|Ratings||UK: A, USA: G, Denmark: 15|
|Source of story||A novel of the same name by Edna Ferber|
|Writers/Script||Fred Guiol, Ivan Moffat|
|Starring||Elizabeth Taylor, Rock Hudson, James Dean, Carroll Baker, Mercedes McCambridge, Dennis Hopper, Sal Mineo, Rod Taylor, Sheb Wooley,|
|Ratings||IMDb: 7.6/10 by 40,065 people. Rotten Tomatoes: 88% by 48 reviewers. Review2view: 5/10.|
Summary: “Bick” Benedict is a Texas landowner who goes to Maryland on a horse buying expedition, and comes home with a wife, Leslie, a New England socialite. Leslie’s presence in the Benedict mansion is resented by Luz, Bick’s sister who has, up to now, run things. However she is killed in a fall from Leslie’s horse which she was maltreating, and in her will leaves a portion of the estate to Jett Rink, a sullen ranch hand who carries a torch for Leslie. Time passes. The Benedicts have children who grow up, no-one wishing to follow in Bick’s footsteps and Jett discovers oil on his patch and becomes rich. The Benedict children also grow up, two marrying and having children themselves, the son to a Mexican. Oil is also found on the Benedict ranch, and everyone becomes very rich.

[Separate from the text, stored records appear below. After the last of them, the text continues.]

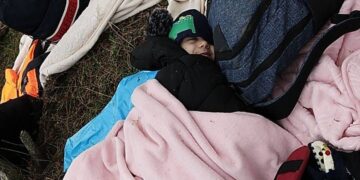 Meriç’i geçip mahsur kalan 17 kişi donmamak için dünyadan acil yardım istedi: Aralarında çocuklar ve bebekler var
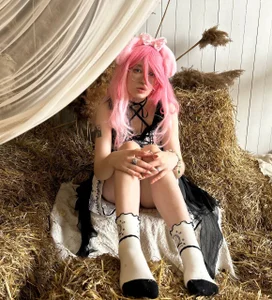 Exstra special rabbit costume for my fans ^^ de Dark_Lucious  9 Imagens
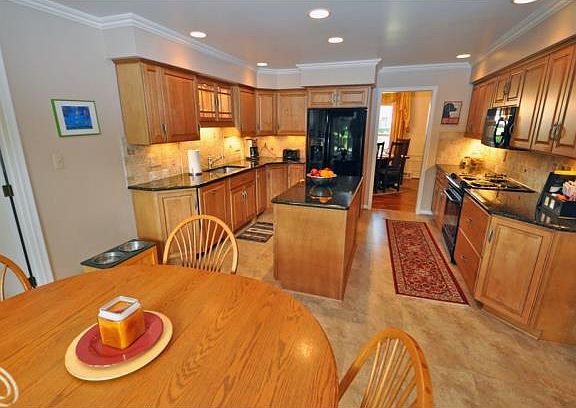 4th image of 561 Heather Ln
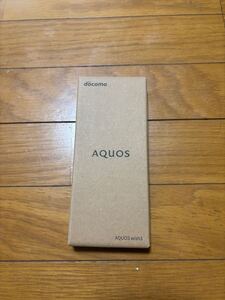 AQUOS wish3 ドコモ　グリーン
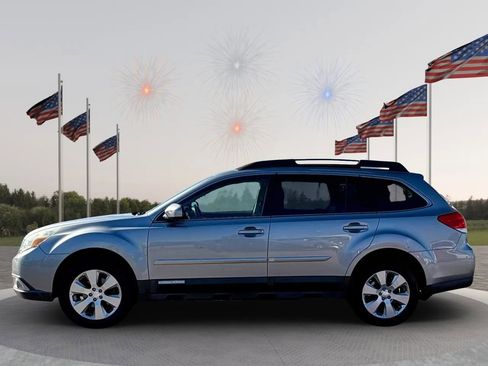 Used 2011 Subaru Outback 2.5i Limited w/ PWR Moonroof Pkg image 4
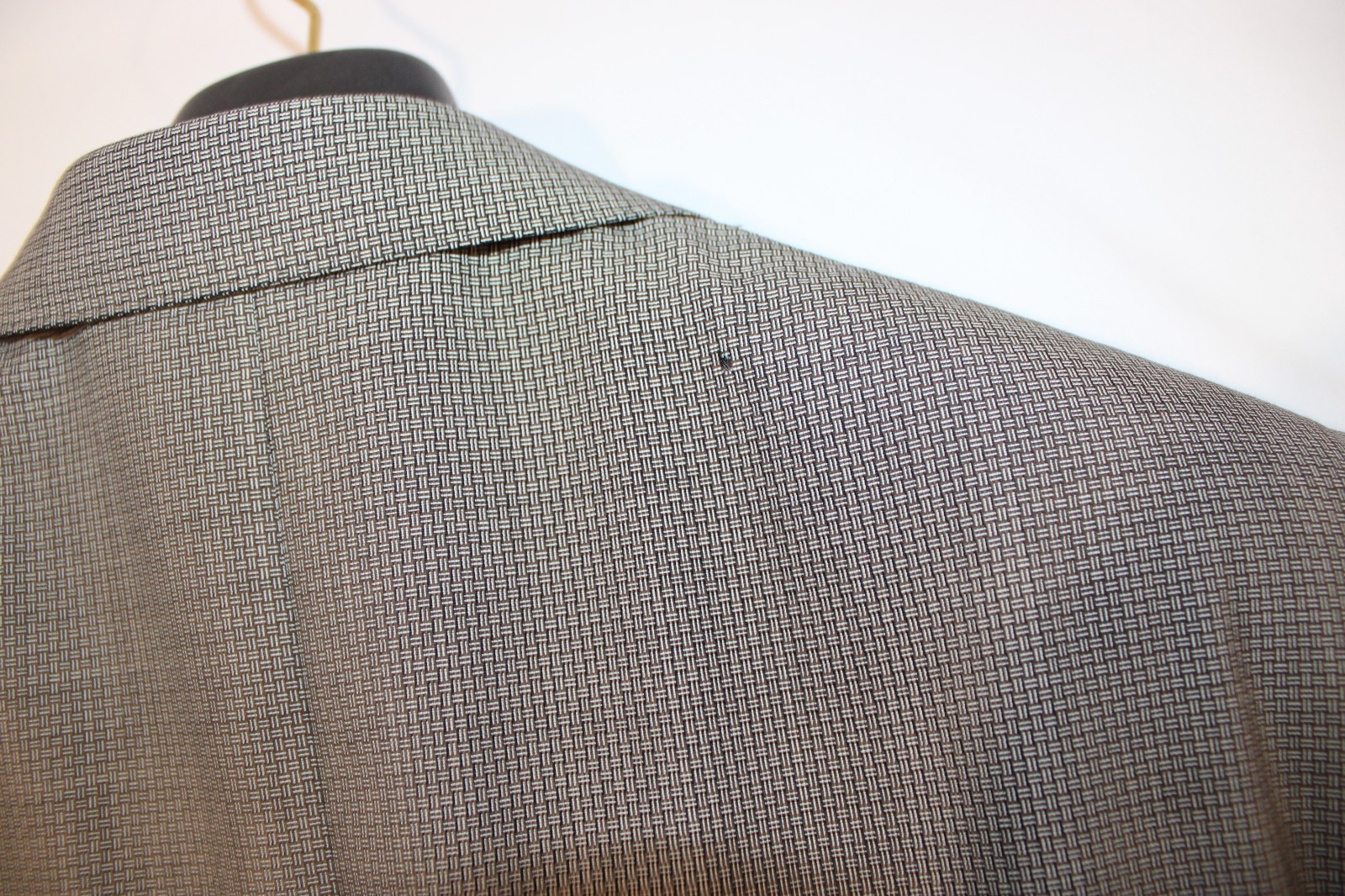 Canali Men’s Made in Italy Tweet Grey Wool Suit Size 38L/30W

Content: No sex or nudity. At one point Bick kisses Leslie in the bedroom, but has his feet on the floor. There is a lot of drinking and Jet is portrayed as a drunk. Also some smoking. The Benedicts spend a lot of time in the sumptuous interior of their mansion. There are themes. Leslie challenges the macho environment of the rich Texans. She also tries to improve conditions for the Mexican ranch workers. The Benedict son marries a Mexican girl which causes endless problems since Mexicans are banned from many environments. Jett drills for oil sort of, and there are various signs of his riches. Finally he has an airport. Quite a few gatherings.
A View: After all these years I have finally seen my first James Dean film. It made money and is well thought of even today. There are respectable themes but they are presented in a very heavy handed way. I am always a bit stuck if what is presented on screen seems to lack logic and in this case the original oil exploration looked very odd, since it did not involve a derrick, only a pump. I have worked in the oil industry so it might be just me. And in the end I still wonder who the “Giant” is. I think the book would tell me. So really only a watch if you are interested in movie history, otherwise it could be a waste of your three and a half hours.
On this website I have reviewed three other Elizabeth Taylor films, all of them better than this one. They are Suddenly Last Summer, Who’s Afraid of Virginia Woolf and Cleopatra. All three of them are essential viewing.